Era comovente contemplar aqueles bravos jogadores concentrados na árdua tarefa de utilizar a bola da forma mais obsessivamente inútil. Precisavam controlar tudo, porque qualquer rebote, como qualquer acerto acidental, poderia atrapalhar a ordem. A aparência de movimento era constante, mas apenas para garantir um destino prefixado. Os que podiam correr, como Bobadilla, Benítez e Rolán, homens de lado de campo, corriam por respeito à coreografia e a alguns valores que prestigiam o esforço e o suor. Os que não podiam se permitir grandes evoluções, como Arévalo, ou como Ortigoza, trotavam e vigiavam para que não acontecesse nada.
“Continuem jogando!”, gritava Ramón Díaz do lado do campo, como se lançasse uma mensagem cifrada, como se a continuidade fosse possível em meio à interrupção constante. Olhando para essas duas equipes, os torcedores aprenderam que o controle nunca é definitivo.

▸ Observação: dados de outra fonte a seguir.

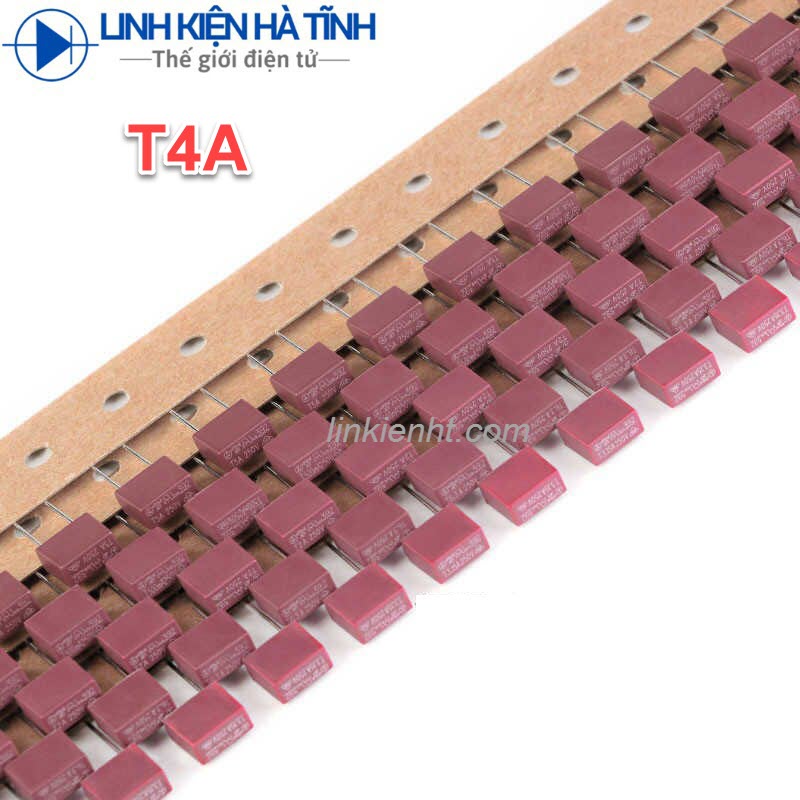 10 con cầu chì vuông 250v cầu chì t4a 4a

Impossível por mais de meia hora quando se joga com um artefato esférico, constituído por uma superfície de evolução que o faz rodar. Álvaro González e Arévalo Ríos pareceram, por um instante, desconcertados quando trocaram mais de três passes seguidos. Quase sem perceber, abriram para o lado e lá Abel Hernández quis concluir a jogada mais antiga. Quis cruzar, mas a zaga cortou para escanteio. Foi aos 29 minutos quando, feita a cobrança, José María Giménez cabeceou para o gol depois de superar o corpulento Paulo César da Silva.
O 1 x 0 rompeu o que parecia um empate de ferro. A vitória do Uruguai teria evitado o cruzamento com o Chile. Mas o Paraguai devolveu o golpe. Antes do intervalo, em outro escanteio, Lucas Barrios aproveitou uma falha de seu marcador para anotar o gol de empate, de cabeça. José María Giménez era o marcador de Barrios. O zagueiro do Atlético de Madri, duplamente protagonista da partida, acabou a tarde maldizendo e celebrando sua sorte.
A volta do intervalo devolveu a partida ao marasmo. O mais notório que aconteceu na segunda parte foi relacionado com o lastimável estado físico da equipe dirigida por Ramón Díaz. Os paraguaios atravessaram meia hora de crise biológica. Respiravam ofegantes, mancavam, perguntavam a hora. Pelo caminho perderam Néstor Ortigoza, que deixou o campo com uma repentina dor na coxa. Certamente uma lesão muscular que o deixará de fora do torneio. A perda é irreparável para o Paraguai, que não tem outro condutor do jogo tão bom como o jogador do San Lorenzo.
Quando o árbitro apitou o fim da partida, após seis cartões amarelos e uma assombrosa cadeia de esbarrões, os jogadores de ambos os lados se abraçaram fraternalmente. Charruas e guaranis, representantes de duas pequenas nações melancólicas e orgulhosas, acabavam de levantar um monumento a esse futebol sombrio, que também pode ser épico. Em outras ocasiões, não no La Serena. Lá, os jogadores riam e brincavam satisfeitos. Se abraçavam como se soubessem que ser uruguaio ou paraguaio é algo tão comum como as nuvens. Se felicitavam pela sobrevivência no Chile.